We were living in Ft. Lauderdale. My career was going nowhere, the economy was terrible, and my fiancé (now husband) Matt landed his dream job making video games at Electronic Arts. Like many other outsiders, I thought Orlando was solely made up of theme parks and that we’d have to live on International Drive. But without a compelling reason not to go, I packed up our things, grumbling the entire time about how my willingness to live next door to that crooked Ripley’s building was a testament to my love for Matt, and boy, would he owe me.

That was eight years ago, and since then Orlando has done nothing but surprise and delight me, over and over. The beautiful downtown with charming neighborhoods orbiting Lake Eola, a skyline glistening in the sun and cobblestone streets tented in tree branches dripping with Spanish moss. We bought our first house here, an adorable bungalow in the Milk District which we painted and scrubbed and filled with art created by our friends. Eventually, we hefted a white wooden crib inside, hung a mobile and it became the first home we shared with our son.
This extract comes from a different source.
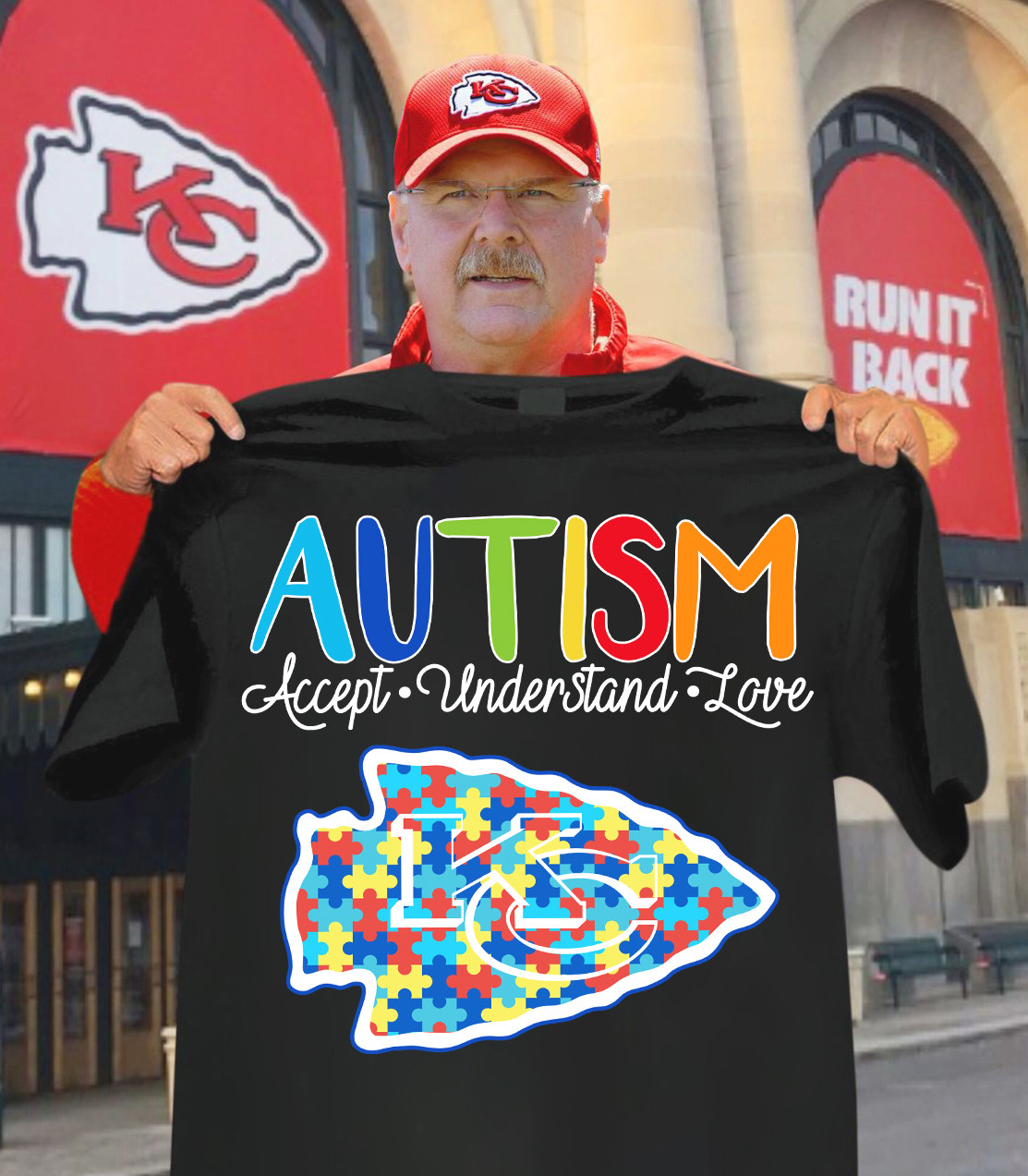 Autism Accept Understand Love Kansas City Chiefs T-Shirt Football Fan Gift Ideas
Orlando’s real hidden treasure, though, is its people. My husband’s EA colleagues were the first to extend their hands in friendship, and then my job at Watermark opened the doors to the LGBT and arts communities. We found people who made us laugh till we cried then astonished us with their generosity of spirit. I joined the Orlando roller derby league and met the best friends I’ve ever had, brave and fierce women who hit hard and love harder. Those friendship circles expanded until they overlapped like a Venn diagram, then eventually became one giant circle we think of as our Orlando Family.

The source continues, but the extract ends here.